Well, most of million dollar earning people have legitimate job titles such as managing director, portfolio manager, managing partner but here, there are post office? NYCDOE? WCP?
I hope there are only the handful cases of bad data so to go forward with my analysis, I’m going to to get rid of peoples with an annual income of greater than $500k.
loan_data2 <- filter(loan_data,annual_inc<500000)
Let’s replot the same chart:
ggplot(loan_data2, aes(annual_inc, funded_amnt)) +
geom_point(aes(colour = borrower_score)) +
labs(title = 'ggplot 5: Annual Income vs. Funded Amount') +
geom_smooth()

Much better! As we know that the Lending Club cap the funding limit to $40k. So we don’t see any high funded amount greater than $40k.
Overall we can see a linear relationship for person’s annual income < $100k.
Apart from that, we can see the flat going regression line due to the hard cap of $40k.
If we look into annual income < $100k borrowers, we can see a clearer linear relationship.
What was the distribution for the loan?
ggplot 6: Distribution plot: Loan Amount vs Purpose for Loan Status
In this scatterplot, we’re going to see the distribution of the loans for different purposes and their loan statuses as well.
We’re going to use three variables, loan_amnt, loan_status and purpose.
ggplot(loan_data, aes(purpose, loan_amnt, fill = loan_status)) + geom_boxplot() + labs(title = 'ggplot 6: Loan Amount vs Purpose for Loan Status') + theme(axis.text.x=element_text(size=8, angle = 90))
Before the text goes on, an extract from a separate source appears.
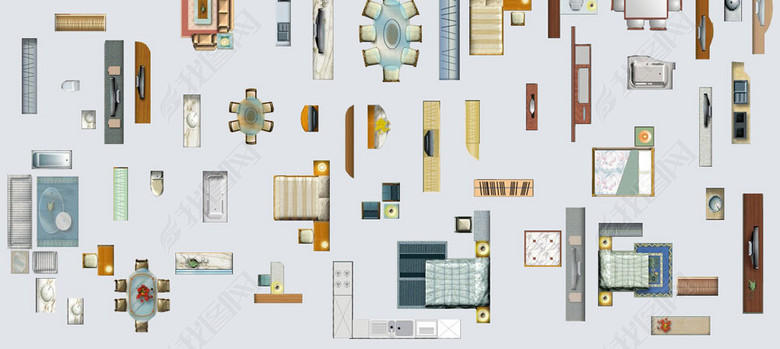 家具PSD分层户型图块彩平图库图片下载psd素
As we can see in the plot above, the most stated reason for loan was small business followed by credit card and debt consolidation.
More people are with the status fully paid for the house loan than charged off.
House loans are generally applied by a family sos the conclusion might indicate that chances of a house loan of being fully paid is higher than any other loans.
In general, small business loans are higher and riskier loans.
But in this case(if we compare charged off vs fully paid loans) wedding, debt consolidation and credit card loans seem like the riskiest loans.
summary(loan_data$funded_amnt)
## Min. 1st Qu. Median Mean 3rd Qu. Max. NA's
## 500 5400 9650 10959 15000 35000 3
Also with the code above, we can easily check the stats for a single variable too.
What was vast majority for loan terms?
table(loan_data$term)
##
## 36 60
## 29096 10690
The vast majority are 36 months.
How many people were with more than 10 years of employment?
table(loan_data$emp_length)
##
## 1 2 3 4 5 6 7 8 9 10
## 3247 4394 4098 3444 3286 2231 1775 1485 1259 8899
8872 people were with more than 10 years of employment.
Did they consider granting loans to unemployed people? Did they consider number of years of employment?
ggplot 7: Let’s plot all the people with their employment status via ggplot and geom_bar.
ggplot(loan_data, aes(emp_length)) + geom_bar(fill = "dodgerblue") + ggtitle("ggplot 7: Employment Status Listed In The Loan Application")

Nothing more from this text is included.